(DATA EXCERPTS begins)

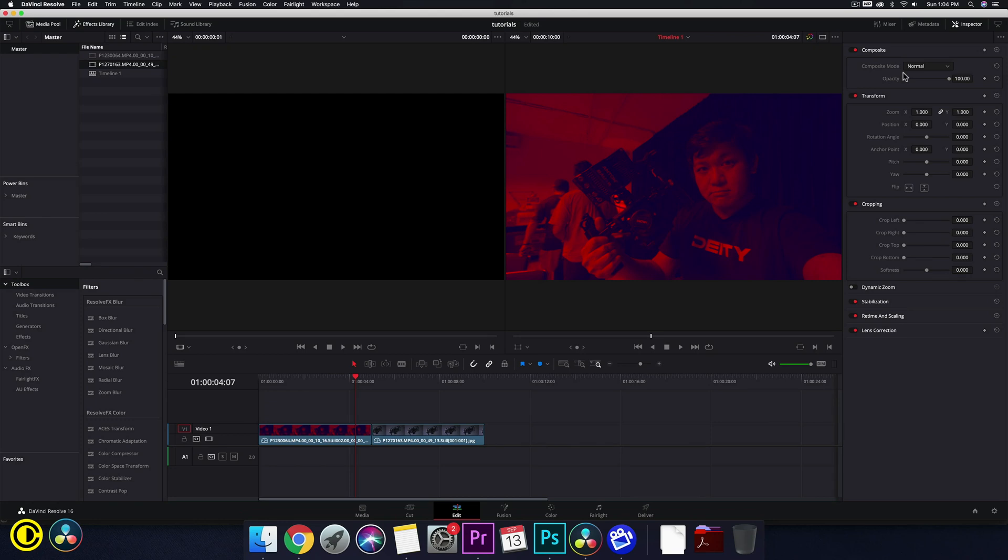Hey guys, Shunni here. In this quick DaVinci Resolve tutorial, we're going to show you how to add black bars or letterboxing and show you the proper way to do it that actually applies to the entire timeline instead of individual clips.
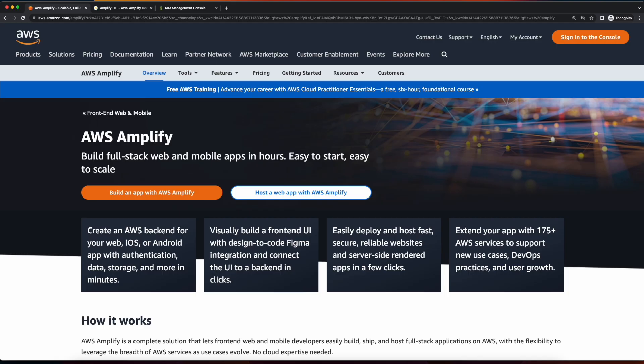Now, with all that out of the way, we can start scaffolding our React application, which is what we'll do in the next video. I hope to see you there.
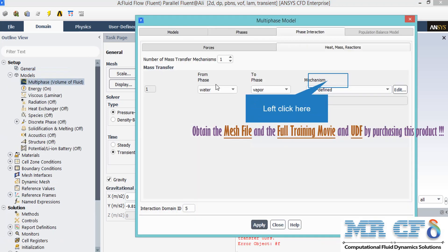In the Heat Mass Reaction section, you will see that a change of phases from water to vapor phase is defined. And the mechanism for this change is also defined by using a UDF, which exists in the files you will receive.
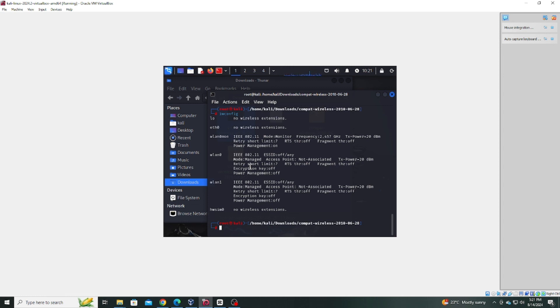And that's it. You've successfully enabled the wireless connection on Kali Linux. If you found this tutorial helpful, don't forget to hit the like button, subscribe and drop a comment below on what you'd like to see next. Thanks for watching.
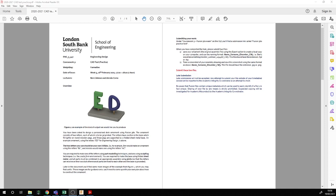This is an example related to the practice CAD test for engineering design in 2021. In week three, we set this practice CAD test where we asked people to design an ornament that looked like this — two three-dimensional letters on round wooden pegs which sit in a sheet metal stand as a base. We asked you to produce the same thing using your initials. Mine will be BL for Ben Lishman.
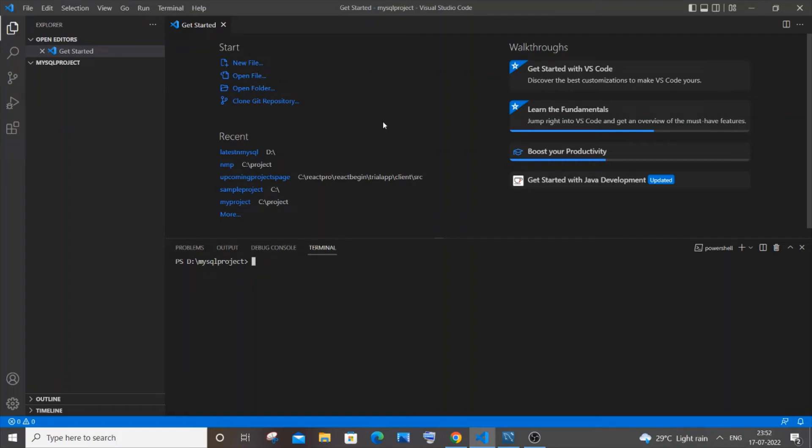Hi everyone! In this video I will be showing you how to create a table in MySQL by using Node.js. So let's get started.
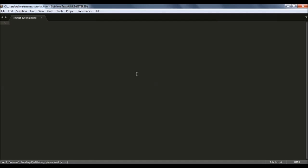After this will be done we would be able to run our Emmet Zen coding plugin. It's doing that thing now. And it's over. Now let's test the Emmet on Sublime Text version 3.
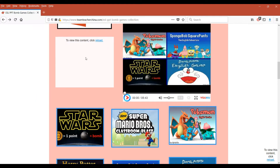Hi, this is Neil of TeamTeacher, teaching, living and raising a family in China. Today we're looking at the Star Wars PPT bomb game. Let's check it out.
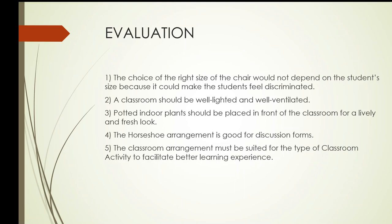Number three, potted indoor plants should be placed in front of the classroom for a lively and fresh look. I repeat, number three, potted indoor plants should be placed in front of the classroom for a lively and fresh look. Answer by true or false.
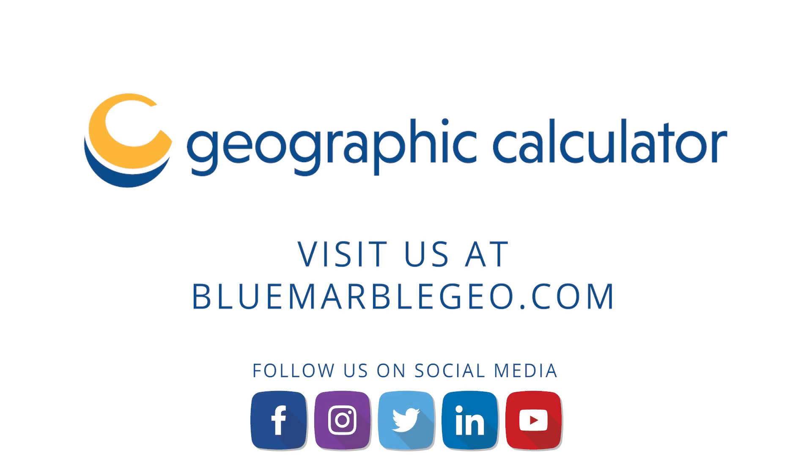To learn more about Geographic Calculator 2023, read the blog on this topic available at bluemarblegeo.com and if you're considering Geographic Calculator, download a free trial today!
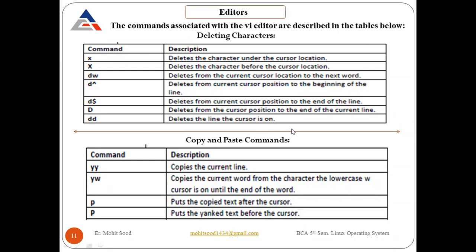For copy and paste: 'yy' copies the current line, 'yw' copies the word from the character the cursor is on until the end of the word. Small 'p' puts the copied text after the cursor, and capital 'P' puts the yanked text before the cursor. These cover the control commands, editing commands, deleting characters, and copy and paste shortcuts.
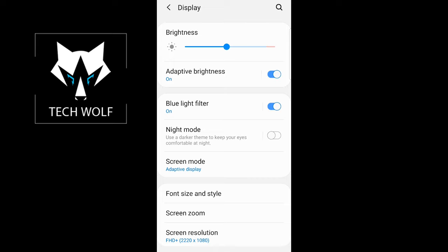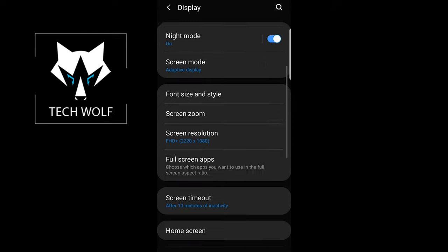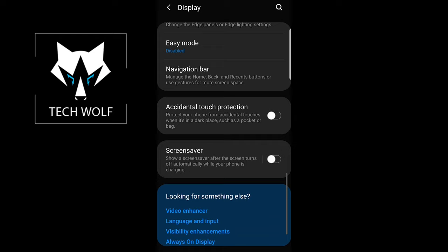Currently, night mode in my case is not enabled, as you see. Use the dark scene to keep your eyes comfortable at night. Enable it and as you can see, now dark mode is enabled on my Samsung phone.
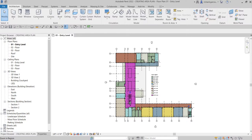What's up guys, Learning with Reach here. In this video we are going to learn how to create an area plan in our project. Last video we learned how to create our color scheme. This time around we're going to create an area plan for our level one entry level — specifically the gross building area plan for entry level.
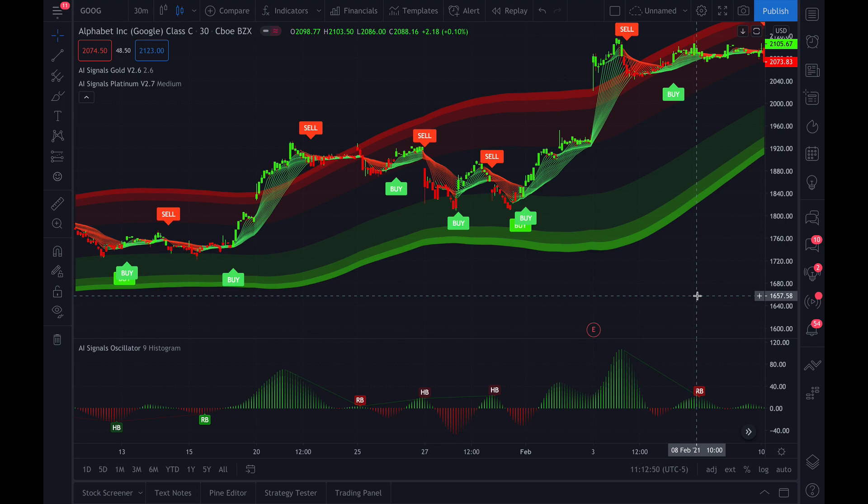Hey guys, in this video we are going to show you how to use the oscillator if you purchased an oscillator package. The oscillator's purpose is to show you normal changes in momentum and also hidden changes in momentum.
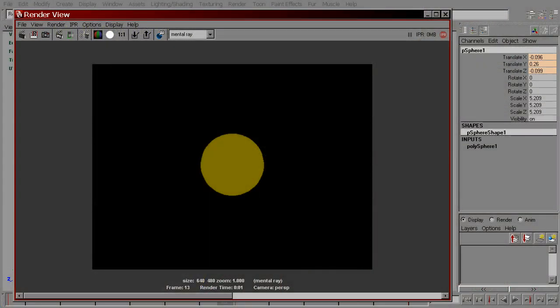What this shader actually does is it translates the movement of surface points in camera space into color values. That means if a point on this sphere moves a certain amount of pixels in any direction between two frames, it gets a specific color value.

(DATA EXCERPTS ends)

> _WHAT YOU WILL DO_
Your answer should contain only the lines from the beginning of the listing above through the line with "Now, with all", copied exactly and without the pictures.

> _RESULT OF THE TASK_
Hey guys, Shunni here. In this quick DaVinci Resolve tutorial, we're going to show you how to add black bars or letterboxing and show you the proper way to do it that actually applies to the entire timeline instead of individual clips.
Now, with all that out of the way, we can start scaffolding our React application, which is what we'll do in the next video. I hope to see you there.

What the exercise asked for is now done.